──────── Listed entries

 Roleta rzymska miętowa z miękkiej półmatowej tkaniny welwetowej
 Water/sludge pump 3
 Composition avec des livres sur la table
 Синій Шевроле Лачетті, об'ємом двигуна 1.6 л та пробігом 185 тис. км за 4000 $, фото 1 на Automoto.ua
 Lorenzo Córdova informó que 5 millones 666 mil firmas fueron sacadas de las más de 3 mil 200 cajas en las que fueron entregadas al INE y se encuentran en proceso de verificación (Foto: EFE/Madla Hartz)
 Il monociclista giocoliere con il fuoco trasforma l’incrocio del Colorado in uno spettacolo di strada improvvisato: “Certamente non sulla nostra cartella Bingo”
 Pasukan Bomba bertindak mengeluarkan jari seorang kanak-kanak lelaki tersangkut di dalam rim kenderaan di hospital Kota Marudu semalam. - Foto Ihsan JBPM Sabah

────────────────

▸ Task goal: Which lines in the listing above include the string "Foto"? Copy each of them.

▸ Written response:
 Lorenzo Córdova informó que 5 millones 666 mil firmas fueron sacadas de las más de 3 mil 200 cajas en las que fueron entregadas al INE y se encuentran en proceso de verificación (Foto: EFE/Madla Hartz)
 Pasukan Bomba bertindak mengeluarkan jari seorang kanak-kanak lelaki tersangkut di dalam rim kenderaan di hospital Kota Marudu semalam. - Foto Ihsan JBPM Sabah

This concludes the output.